I have no doubt that we will one day abolish the death penalty in America. It will come sooner if people like me who know the truth about executions do our work well and educate the public. It will come slowly if we do not. Because, finally, I know that it is not a question of malice or ill will or meanness of spirit that prompts our citizens to support executions. It is, quite simply, that people don’t know the truth of what is going on. That is not by accident. The secrecy surrounding executions makes it possible for executions to continue. I am convinced that if executions were made public, the torture and violence would be unmasked, and we would be shamed into abolishing executions. We would be embarrassed at the brutalization of the crowds that would gather to watch a man or woman be killed. And we would be humiliated to know that visitors from other countries — Japan, Russia, Latin America, Europe — were watching us kill our own citizens — we, who take pride in being the flagship of democracy in the world.

And here I am driving to Baton Rouge from the death house, where tomorrow a man is going to be executed, and it’s going to
happen all over again and I’m going to be there and there’s nothing I can do to stop this senseless, futile killing.

It all seems so overwhelming.

A good night’s sleep, that’s what I need
.

I take several long, deep breaths. I’m coming into Baton Rouge.

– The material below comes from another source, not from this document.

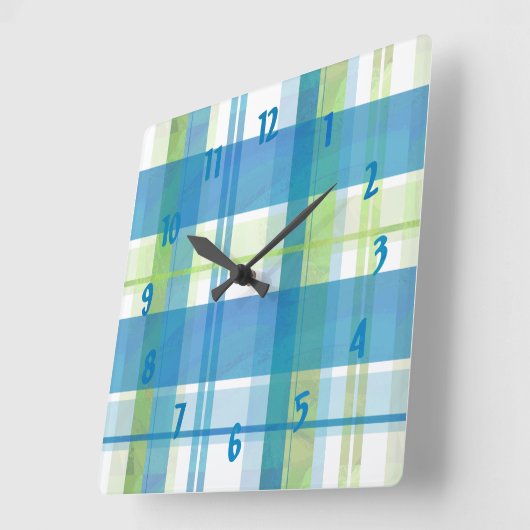 マドラスプレイドグリーンアンドブルー スクエア壁時計 (傾斜)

No need for phone calls this time to line up the funeral and burial. Robert’s family is taking care of that. Sisters Kathleen and Lory say they’ll be at the gates of the prison tomorrow night during the execution, and other Sisters will be there, too. The “Sob Sisters,” as Vernon Harvey calls us. The plan is for me to get to the prison by two o’clock in the afternoon and, after the execution, if I’m up to it, to drive the car back. If I’m too upset to drive, one of the Sisters will drive my car.

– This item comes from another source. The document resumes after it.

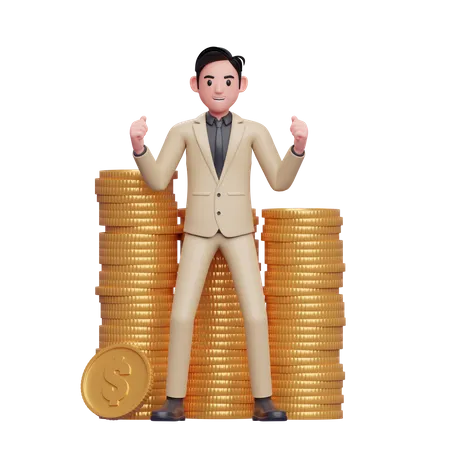 Businessman celebrating business profit 3D Illustration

A phone call comes from Jason DeParle, a close friend and reporter at the
Times-Picayune;
he wants to offer me his support. There are calls from Bill and Debbie Quigley and Millard, Tom Dybdahl, and other friends and coworkers. Pilgrimage for Life, our statewide anti-death-penalty group, will conduct prayer vigils in New Orleans and at the Governor’s Mansion in Baton Rouge.

Jason DeParle has interviewed Robert and written a long article about him which carried the headline: “Murderer Willie Going to Chair a Proud Man.” Jason told me he had struggled with the story because throughout the interview Robert had presented such a “macho” and unrepentant image, and as a reporter, of course, he had no choice but to render the image Robert projected. He tells me this somewhat apologetically because he knows I am Robert’s spiritual adviser and trying hard to “work” with him. Jason will be doing follow-up stories of the execution and the funeral. He’s young, an excellent writer, and sensitive to issues of social justice. When his schedule allows, he comes to the potluck suppers at the Quigleys’.

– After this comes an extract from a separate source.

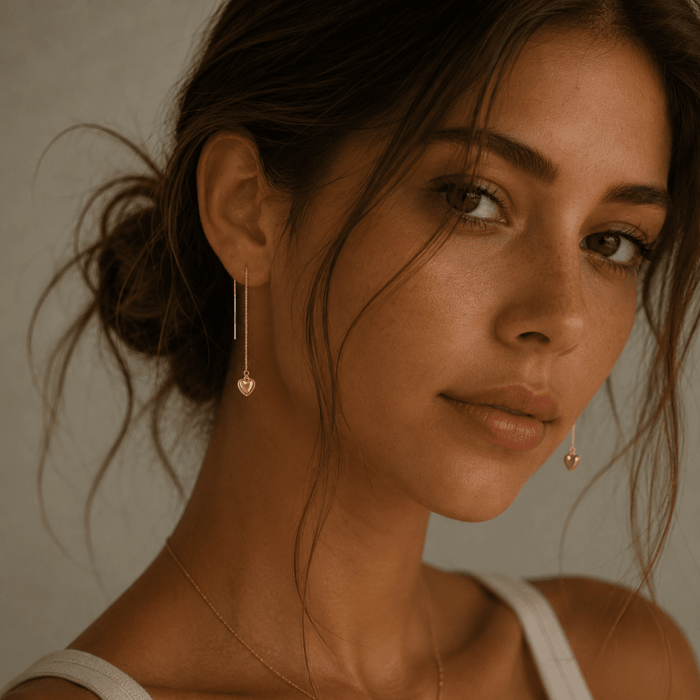 Threader Earrings + Heart Drop Charm - Le Serey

I get a good night’s sleep, thanks to the now familiar getting-through-an-execution formula of a sleeping pill and a cup of hot milk. I awake rested and ready. The feelings of futility and despair of yesterday have washed away. It’s December 27, the feast of St. John the Evangelist. He was the one to record in his Gospel the words of Jesus, “You shall know the truth and the truth shall make you free.”

At two o’clock I arrive at the prison. I look at the visitors’ building there in the bright sunlight and I find myself playing a childhood game: when I look at this building again, the execution will be over,
and what will the building look like then? When I was a child setting out on a family vacation I’d look at a particular bush in the front yard or the doorknob on the kitchen door. Then, when we returned home, I’d look at the object again and remember that I had looked at it before. I guess it was a child’s way of plumbing time, of sensing its passage.

Now I look at the building and know that when I see it again, Robert Lee Willie will be dead.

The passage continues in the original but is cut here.